▶ **Listed entries**:
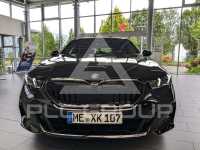 2025 BMW 520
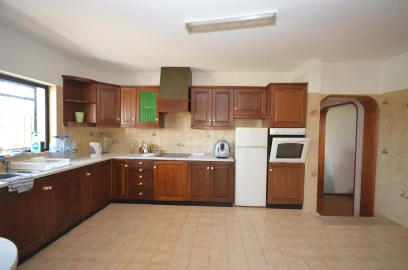 Moradia T5 para Venda em Almancil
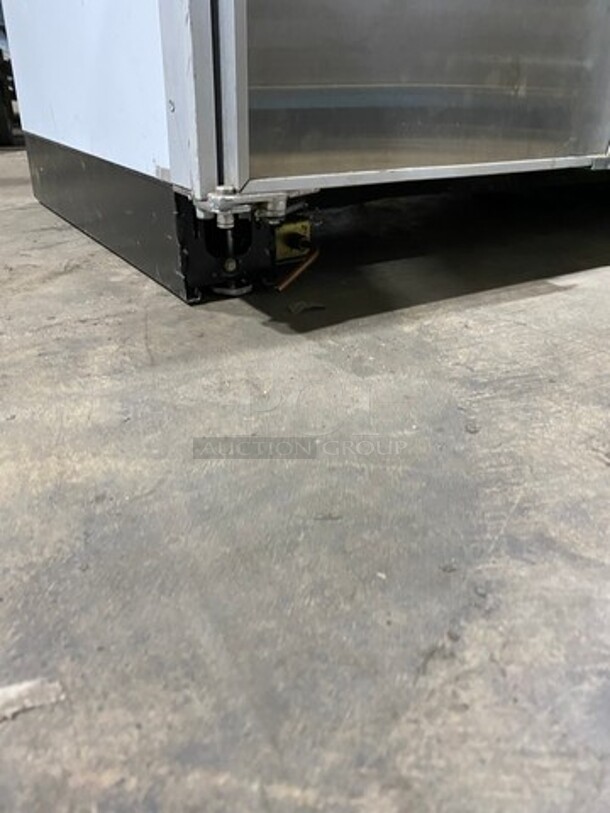 Sub Zero Reach In Cooler And Freezer Combo Unit! With Poly Shelves And Racks! Model: 561/F SN: M1688193 115V 60HZ 1 Phase - Image 9 of 9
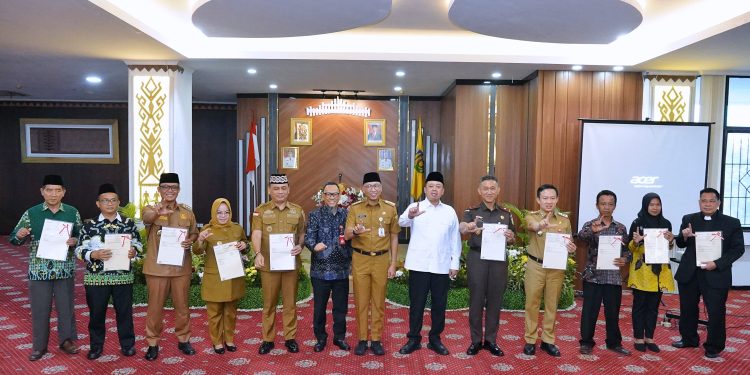 Disaksikan Menteri ATR/BPN, Gubernur Mirza Bersama Kepala BPN Tandatangani NPHD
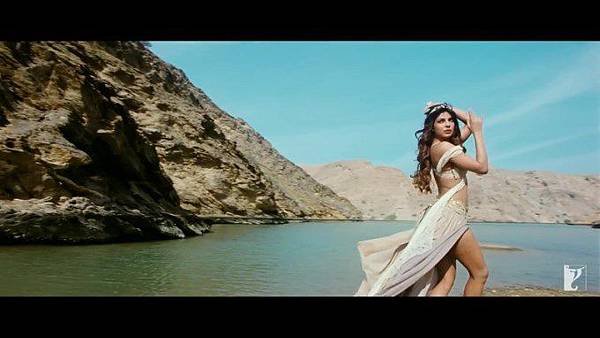 priyanka-chopra-in-gunday_1387262125160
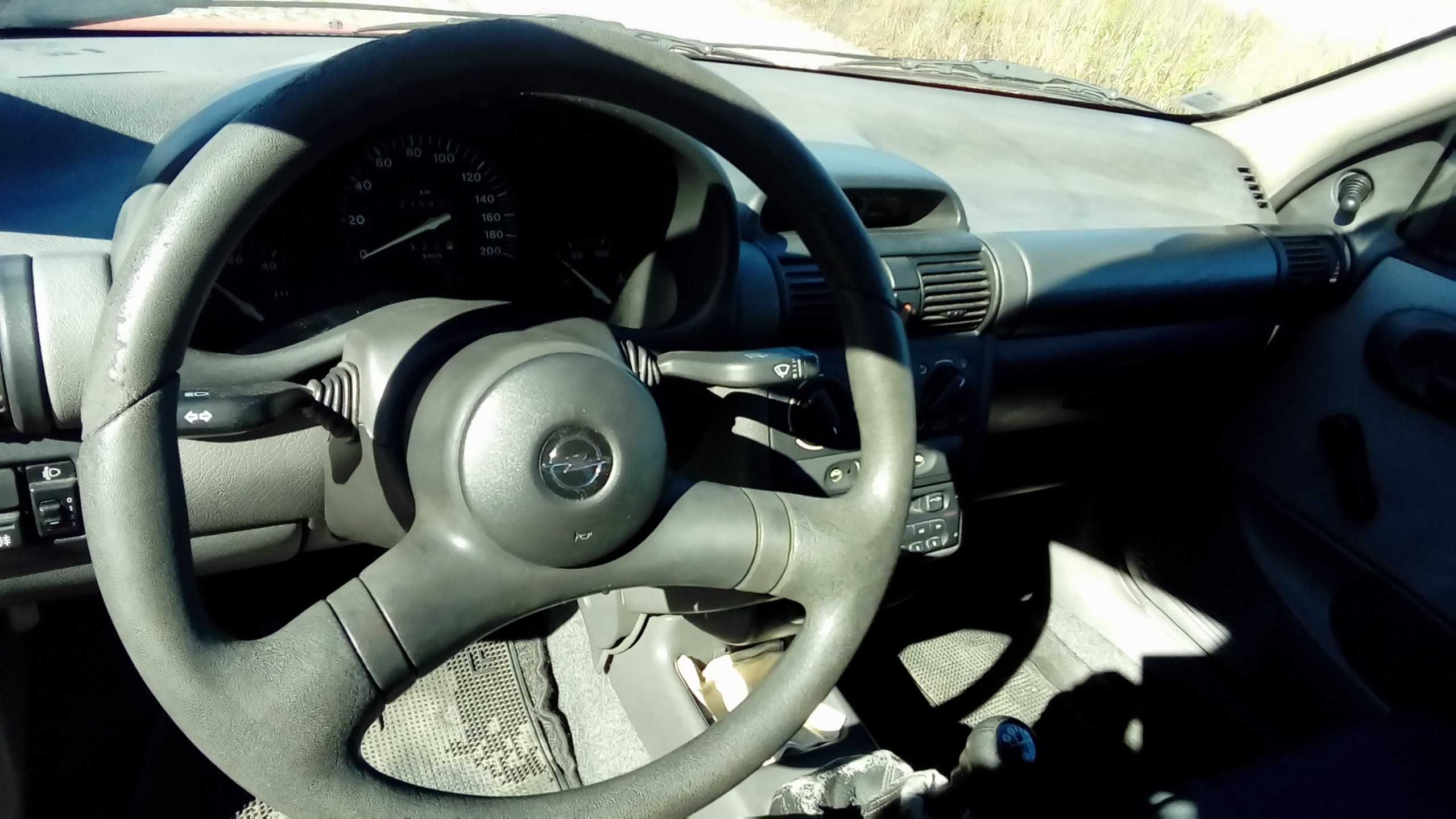 Opel corsa-b comercial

▶ **About this exercise**:
A verbatim copy of the listing is required, with all pictures left out.

▶ **Solved exercise**:
 2025 BMW 520
 Moradia T5 para Venda em Almancil
 Sub Zero Reach In Cooler And Freezer Combo Unit! With Poly Shelves And Racks! Model: 561/F SN: M1688193 115V 60HZ 1 Phase - Image 9 of 9
 Disaksikan Menteri ATR/BPN, Gubernur Mirza Bersama Kepala BPN Tandatangani NPHD
 priyanka-chopra-in-gunday_1387262125160
 Opel corsa-b comercial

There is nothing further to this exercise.